(Stored items)
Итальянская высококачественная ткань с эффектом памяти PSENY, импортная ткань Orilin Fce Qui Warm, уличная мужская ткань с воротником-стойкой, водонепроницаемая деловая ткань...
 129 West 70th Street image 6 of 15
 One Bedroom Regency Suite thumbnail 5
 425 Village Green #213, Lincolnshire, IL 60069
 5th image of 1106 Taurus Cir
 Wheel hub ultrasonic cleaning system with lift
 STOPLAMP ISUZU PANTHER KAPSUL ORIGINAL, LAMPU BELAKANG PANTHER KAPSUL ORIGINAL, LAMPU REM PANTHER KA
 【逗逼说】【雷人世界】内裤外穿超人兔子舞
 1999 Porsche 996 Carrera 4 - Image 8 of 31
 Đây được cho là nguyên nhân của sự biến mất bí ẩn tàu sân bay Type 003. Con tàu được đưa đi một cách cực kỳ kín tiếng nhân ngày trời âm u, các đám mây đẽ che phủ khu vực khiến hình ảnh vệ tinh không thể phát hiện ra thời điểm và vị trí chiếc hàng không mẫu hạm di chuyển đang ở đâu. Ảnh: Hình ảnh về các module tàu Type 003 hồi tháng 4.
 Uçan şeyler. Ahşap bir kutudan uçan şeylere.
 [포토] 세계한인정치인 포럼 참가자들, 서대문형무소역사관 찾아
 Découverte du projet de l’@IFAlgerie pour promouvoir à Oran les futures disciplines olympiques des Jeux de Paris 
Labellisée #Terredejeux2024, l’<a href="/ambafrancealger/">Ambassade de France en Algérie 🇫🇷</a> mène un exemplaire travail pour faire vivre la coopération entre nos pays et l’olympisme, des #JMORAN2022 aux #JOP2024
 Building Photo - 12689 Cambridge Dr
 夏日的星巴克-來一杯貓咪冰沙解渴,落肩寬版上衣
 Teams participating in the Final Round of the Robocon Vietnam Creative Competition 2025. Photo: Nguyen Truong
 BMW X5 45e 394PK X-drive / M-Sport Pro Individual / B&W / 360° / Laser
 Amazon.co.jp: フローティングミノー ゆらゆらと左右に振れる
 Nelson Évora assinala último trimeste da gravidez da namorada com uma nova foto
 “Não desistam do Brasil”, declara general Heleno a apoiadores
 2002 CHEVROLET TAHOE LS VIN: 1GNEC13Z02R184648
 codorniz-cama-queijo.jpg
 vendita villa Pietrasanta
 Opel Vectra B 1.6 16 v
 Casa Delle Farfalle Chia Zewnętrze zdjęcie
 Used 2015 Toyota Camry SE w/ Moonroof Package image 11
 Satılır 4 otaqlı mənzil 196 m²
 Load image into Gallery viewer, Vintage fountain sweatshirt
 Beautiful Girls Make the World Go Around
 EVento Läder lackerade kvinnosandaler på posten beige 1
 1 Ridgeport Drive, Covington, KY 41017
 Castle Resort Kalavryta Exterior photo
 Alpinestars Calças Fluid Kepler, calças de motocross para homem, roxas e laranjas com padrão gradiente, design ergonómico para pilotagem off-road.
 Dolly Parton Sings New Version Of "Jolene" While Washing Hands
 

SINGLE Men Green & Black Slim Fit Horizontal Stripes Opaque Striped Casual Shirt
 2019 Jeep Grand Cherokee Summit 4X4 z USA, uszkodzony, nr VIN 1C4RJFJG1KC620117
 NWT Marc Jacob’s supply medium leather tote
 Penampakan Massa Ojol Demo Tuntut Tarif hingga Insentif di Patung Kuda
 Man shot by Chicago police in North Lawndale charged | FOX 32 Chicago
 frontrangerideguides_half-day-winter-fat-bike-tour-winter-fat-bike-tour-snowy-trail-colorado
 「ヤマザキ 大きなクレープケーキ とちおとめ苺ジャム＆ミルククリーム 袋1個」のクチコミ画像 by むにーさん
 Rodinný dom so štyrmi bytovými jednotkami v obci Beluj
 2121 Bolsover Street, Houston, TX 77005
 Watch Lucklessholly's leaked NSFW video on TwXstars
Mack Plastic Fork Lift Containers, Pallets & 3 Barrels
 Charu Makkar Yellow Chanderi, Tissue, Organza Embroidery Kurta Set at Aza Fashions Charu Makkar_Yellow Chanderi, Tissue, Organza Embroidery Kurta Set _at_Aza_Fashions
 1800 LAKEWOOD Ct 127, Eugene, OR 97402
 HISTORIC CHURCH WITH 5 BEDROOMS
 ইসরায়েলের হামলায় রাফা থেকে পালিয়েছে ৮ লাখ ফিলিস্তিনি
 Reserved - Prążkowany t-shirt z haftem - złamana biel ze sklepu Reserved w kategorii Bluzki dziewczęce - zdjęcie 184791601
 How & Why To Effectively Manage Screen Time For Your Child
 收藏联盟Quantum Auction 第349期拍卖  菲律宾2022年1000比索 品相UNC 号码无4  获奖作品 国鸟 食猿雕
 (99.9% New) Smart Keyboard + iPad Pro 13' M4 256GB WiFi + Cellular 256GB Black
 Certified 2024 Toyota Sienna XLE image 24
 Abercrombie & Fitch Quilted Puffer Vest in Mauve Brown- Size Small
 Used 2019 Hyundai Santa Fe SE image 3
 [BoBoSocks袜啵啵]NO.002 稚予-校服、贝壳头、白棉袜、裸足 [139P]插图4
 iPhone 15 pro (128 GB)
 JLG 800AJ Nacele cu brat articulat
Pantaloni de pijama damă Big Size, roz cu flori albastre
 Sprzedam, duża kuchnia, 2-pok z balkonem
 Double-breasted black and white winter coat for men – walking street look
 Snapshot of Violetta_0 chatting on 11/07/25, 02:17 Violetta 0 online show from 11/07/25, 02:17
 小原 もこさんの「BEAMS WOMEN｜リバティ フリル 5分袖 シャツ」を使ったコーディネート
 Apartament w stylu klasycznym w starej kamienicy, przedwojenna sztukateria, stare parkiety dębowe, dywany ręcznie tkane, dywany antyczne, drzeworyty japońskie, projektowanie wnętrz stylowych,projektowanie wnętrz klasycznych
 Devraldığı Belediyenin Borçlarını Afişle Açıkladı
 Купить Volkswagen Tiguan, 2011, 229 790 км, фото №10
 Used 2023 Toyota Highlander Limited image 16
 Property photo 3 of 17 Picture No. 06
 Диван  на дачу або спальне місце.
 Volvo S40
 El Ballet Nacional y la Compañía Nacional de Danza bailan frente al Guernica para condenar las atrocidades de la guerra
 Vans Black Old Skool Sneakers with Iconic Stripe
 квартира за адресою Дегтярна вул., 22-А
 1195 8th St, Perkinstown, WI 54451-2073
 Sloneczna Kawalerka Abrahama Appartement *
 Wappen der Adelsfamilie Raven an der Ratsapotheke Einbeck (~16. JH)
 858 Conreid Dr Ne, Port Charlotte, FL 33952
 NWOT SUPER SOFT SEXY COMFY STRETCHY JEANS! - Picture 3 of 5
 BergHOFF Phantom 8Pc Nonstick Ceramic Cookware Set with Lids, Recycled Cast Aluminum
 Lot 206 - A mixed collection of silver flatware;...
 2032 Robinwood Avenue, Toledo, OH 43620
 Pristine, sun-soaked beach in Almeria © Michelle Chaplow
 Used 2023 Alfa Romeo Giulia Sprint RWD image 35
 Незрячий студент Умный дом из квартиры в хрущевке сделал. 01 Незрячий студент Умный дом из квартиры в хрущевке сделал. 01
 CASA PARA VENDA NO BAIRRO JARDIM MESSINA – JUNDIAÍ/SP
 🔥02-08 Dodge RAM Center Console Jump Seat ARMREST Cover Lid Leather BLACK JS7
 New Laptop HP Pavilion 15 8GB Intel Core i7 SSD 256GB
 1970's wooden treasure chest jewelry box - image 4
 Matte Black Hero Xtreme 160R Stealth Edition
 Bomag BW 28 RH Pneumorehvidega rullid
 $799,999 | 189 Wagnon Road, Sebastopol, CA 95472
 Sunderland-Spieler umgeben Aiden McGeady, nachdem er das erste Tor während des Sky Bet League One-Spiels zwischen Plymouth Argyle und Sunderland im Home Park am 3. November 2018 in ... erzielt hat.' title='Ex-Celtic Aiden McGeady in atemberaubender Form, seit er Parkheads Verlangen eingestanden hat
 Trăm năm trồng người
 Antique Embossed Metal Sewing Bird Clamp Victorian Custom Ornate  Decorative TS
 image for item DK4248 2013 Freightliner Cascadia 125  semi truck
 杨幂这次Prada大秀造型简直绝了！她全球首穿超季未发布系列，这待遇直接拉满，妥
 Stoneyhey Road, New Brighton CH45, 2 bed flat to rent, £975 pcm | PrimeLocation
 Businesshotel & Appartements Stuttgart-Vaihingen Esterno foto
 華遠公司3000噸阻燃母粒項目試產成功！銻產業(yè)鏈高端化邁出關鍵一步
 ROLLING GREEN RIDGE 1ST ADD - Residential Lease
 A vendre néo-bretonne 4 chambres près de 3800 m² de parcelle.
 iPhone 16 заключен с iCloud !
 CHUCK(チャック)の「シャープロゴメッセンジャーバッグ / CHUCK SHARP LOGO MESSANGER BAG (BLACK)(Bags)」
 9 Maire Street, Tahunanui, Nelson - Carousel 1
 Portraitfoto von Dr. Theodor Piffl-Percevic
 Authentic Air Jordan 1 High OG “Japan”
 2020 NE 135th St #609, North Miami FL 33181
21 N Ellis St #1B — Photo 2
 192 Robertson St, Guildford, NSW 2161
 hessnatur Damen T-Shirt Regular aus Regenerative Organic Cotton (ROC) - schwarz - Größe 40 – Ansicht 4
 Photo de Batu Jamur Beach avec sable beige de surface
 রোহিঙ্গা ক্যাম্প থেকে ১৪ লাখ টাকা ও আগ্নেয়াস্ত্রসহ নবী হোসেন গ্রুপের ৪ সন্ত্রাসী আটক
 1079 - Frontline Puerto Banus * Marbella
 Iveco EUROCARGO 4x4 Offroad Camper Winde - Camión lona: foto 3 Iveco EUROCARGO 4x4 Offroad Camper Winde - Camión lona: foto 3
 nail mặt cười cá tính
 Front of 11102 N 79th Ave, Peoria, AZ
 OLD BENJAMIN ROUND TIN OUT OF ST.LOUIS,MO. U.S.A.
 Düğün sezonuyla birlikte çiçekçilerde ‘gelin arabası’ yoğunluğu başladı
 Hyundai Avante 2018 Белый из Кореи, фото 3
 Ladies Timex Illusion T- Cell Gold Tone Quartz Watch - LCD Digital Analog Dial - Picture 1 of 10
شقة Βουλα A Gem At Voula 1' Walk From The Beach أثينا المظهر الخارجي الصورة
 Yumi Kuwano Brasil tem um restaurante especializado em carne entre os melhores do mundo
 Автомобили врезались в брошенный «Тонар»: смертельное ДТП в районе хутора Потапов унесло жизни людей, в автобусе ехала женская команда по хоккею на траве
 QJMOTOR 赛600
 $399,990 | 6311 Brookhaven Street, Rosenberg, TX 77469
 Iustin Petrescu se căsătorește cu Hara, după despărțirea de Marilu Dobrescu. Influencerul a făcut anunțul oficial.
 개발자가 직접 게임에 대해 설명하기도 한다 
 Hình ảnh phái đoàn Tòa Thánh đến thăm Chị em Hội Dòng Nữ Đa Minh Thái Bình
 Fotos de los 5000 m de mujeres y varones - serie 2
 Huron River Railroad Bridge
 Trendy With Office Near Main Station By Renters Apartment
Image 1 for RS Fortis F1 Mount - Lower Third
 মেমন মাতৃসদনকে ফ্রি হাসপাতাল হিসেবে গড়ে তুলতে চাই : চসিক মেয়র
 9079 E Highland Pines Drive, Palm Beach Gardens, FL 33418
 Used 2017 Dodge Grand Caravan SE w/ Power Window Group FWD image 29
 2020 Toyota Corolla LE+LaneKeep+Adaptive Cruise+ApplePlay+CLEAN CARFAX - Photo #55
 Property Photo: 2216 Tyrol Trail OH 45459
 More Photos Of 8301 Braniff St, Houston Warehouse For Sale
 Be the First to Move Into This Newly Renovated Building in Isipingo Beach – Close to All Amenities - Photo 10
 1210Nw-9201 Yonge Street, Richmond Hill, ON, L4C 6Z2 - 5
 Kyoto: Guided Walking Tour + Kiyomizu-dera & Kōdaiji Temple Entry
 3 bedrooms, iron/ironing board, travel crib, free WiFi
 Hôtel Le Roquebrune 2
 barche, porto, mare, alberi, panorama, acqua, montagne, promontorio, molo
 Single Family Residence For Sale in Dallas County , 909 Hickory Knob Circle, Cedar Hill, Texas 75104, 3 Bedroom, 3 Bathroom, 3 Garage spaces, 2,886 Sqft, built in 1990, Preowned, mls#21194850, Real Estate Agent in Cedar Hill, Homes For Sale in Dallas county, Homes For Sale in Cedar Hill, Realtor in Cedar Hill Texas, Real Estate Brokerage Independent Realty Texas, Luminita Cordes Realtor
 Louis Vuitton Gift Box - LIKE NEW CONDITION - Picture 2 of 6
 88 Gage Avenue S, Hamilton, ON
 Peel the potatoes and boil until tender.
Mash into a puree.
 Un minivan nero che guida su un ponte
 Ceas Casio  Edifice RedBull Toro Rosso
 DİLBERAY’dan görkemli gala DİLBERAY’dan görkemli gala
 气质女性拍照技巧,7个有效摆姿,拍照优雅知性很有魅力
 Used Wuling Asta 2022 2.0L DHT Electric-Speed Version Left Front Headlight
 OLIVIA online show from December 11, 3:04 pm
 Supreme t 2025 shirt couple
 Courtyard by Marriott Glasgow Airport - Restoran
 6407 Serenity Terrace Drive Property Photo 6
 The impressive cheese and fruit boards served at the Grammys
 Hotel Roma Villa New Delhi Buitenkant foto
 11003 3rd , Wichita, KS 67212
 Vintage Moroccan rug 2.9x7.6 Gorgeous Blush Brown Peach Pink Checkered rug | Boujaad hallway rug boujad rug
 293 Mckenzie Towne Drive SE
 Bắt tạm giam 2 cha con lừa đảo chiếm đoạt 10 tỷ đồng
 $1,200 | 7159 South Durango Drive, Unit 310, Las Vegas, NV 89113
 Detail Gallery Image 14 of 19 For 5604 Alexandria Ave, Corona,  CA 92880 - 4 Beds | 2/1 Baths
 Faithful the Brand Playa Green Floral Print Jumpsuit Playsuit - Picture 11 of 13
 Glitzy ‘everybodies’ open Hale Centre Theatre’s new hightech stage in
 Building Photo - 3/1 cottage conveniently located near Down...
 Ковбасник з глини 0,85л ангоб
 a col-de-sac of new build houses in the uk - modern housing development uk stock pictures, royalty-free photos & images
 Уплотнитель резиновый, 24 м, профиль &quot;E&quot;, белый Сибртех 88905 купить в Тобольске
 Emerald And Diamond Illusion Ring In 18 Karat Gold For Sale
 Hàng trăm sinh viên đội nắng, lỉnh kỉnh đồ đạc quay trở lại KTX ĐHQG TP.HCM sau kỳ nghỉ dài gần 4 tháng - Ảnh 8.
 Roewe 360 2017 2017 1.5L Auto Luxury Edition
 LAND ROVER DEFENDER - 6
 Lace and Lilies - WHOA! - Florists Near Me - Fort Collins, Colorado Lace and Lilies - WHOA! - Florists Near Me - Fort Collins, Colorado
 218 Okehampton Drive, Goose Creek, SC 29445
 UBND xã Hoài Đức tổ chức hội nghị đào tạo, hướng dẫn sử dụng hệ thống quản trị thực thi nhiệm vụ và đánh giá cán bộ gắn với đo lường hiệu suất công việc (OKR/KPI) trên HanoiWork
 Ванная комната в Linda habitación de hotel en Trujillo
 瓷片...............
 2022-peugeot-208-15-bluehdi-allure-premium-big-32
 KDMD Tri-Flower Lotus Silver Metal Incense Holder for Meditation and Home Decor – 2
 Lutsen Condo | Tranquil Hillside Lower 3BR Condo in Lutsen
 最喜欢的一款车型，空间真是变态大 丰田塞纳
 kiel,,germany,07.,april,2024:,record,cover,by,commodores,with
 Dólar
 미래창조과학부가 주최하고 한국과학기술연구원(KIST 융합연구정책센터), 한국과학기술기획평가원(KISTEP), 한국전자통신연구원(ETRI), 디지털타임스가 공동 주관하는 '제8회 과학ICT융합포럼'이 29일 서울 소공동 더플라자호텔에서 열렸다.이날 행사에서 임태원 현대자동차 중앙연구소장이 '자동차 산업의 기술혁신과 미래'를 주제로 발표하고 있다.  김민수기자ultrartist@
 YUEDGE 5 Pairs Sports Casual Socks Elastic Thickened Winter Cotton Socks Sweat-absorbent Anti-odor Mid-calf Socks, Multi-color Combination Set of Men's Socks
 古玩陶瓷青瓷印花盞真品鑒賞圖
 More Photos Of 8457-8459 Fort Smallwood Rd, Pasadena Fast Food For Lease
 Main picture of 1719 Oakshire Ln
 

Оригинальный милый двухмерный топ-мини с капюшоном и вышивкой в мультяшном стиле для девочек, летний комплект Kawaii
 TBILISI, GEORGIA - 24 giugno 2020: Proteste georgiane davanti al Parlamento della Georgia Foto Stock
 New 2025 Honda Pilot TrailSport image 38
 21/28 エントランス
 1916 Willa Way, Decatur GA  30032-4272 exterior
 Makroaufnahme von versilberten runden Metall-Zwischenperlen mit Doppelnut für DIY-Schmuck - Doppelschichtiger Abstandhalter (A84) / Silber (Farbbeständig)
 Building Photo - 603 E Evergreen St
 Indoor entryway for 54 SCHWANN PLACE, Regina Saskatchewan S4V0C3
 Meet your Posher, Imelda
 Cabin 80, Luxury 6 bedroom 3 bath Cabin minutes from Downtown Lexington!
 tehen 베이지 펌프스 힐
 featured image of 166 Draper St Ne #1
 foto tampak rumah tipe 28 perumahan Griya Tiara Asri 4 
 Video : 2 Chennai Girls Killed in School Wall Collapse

What is being asked: Find each line in the records above that contains "free", and copy it.

Result:
 3 bedrooms, iron/ironing board, travel crib, free WiFi
 a col-de-sac of new build houses in the uk - modern housing development uk stock pictures, royalty-free photos & images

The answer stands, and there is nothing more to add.